Her instant forgiveness both annihilates and heals me. “I never got to be your mother.”
Elizabeth Ann cups my tear-ravaged face and kisses me lightly on each cheek. “You have always been my mother. I feel your love every day. I hear your voice and the stories you read to me, the songs you sing. You are always with me.”
Ryder presses to my back, his arms coming around me. I grab hold of his bicep, completing the connection. Me, her, him.
“Isn’t she beautiful?” I’m not able to tear my eyes from the daughter I have loved with all my heart but never got a chance to love in this life. The life that Peter took from us.
“The best parts of you and Jay,” he says, his lips in my hair.
The fairy lights begin to dim, allowing the darkness to creep back in.
“It’s time,” Ryder says, and Elizabeth Ann solemnly nods.
“What? No! Not yet. Just a little while longer,” I plead, refusing to let go, but they slip away from me like smoke.
“I love you, Mama.”
“Always and forever,” Ryder says.
“No! I want more time! Please don’t go!”
Their forms shimmer against the darkness as more shadows take shape around them. Mom. Dad. Hailey. Randy. They’re all here. Every face I have loved. Every precious soul I’ve had to bury.
Grief, sharp and suffocating, geysers out of me in a torrent of heartbreak and tears. “I’m not ready to let go.”
Hailey’s gentle smile caresses my battered heart. “You don’t have to let go to move forward, Lizzie, because we will always be with you, like footprints in the sand.”
Elizabeth Ann turns, and she reaches her hand out, but there’s nothing there, just another shadow not fully formed. “We’ll take care of him, Mama. And when you’re ready, we’ll be right here, waiting for you,” she says.
The familiar words crash into me like lightning.
“I’ll wait until you’re ready. However long it takes. A year or an eternity. I’ll always be standing right there, waiting for you.”
No. No.
Please, no.
Not even God himself would be that cruel.
“ No! ” I scream to the heavens. “ No! ” I grip my head and fall to my knees. “ No! ” I scream so loud and so long that my voice shatters from the pain that erupts out of me.
Like a knife penetrating deep, then violently twisting, I fly awake on a gasp, clutching my chest as my heart tries to rip itself from my body.
I swipe at the tears I cried in my sleep and collapse back onto the couch cushions. Holy shit, that was…gut-wrenching. I haven’t had a dream like that in weeks. It felt so real.
I take a minute to get my bearings. It’s still dark, no glimmer of sunlight teasing the horizon. The fire is still going, but its radiating warmth doesn’t help dispel the cold of the emotional tumult my mind just experienced.

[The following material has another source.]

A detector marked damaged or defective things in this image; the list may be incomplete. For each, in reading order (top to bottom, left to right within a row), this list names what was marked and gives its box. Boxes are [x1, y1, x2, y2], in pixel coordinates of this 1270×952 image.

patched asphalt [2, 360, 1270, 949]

I instinctively search for my phone—wanting to call Fallon, needing to hear his voice, needing to tell him that I love him—before remembering that I left it on the kitchen counter.

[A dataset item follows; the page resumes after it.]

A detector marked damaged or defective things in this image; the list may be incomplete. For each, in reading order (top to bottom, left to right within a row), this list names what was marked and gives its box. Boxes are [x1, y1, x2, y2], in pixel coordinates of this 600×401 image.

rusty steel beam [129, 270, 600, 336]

I turn my head. Jayson is sound asleep. I tap his shoulder to wake him up.
“I just had the most surreal dream. I saw Elizabeth Ann.” I blow out a breath, wanting to recall some parts of the dream but not the others.
“She had your eyes and smile and that dimple on your left cheek.” I try to process everything.
The joy of seeing her and Ryder and my family.
Holding Elizabeth Ann for the first time.
The anguish of losing them again when they started to fade.
“I’m not going to be able to fall back asleep.
Want some coffee?” I sit up and nudge his leg.
He doesn’t move. Doesn’t stir.
“Jayson?” I shake him more aggressively.
No response.
I grip his shoulders and shake harder. “Jayson, wake up.”
Nothing.
His head lolls to the side when I push him back against the couch. I smack his cheeks. “Stop it. You’re scaring me,” I tell him, my voice rising in panic.
Nothing.
“Jayson!”
He’s too still. Too quiet.
“Jayson, please—” I whimper.
My hand violently trembles as I search for a pulse at the side of his neck.
No, no, no, no, no .
I press my ear to his chest. There’s no rise and fall. No breath…
…no heartbeat.
“You can’t have him!” I shout to God. To Ryder. To Elizabeth Ann. “Damn you, you can’t have him! ”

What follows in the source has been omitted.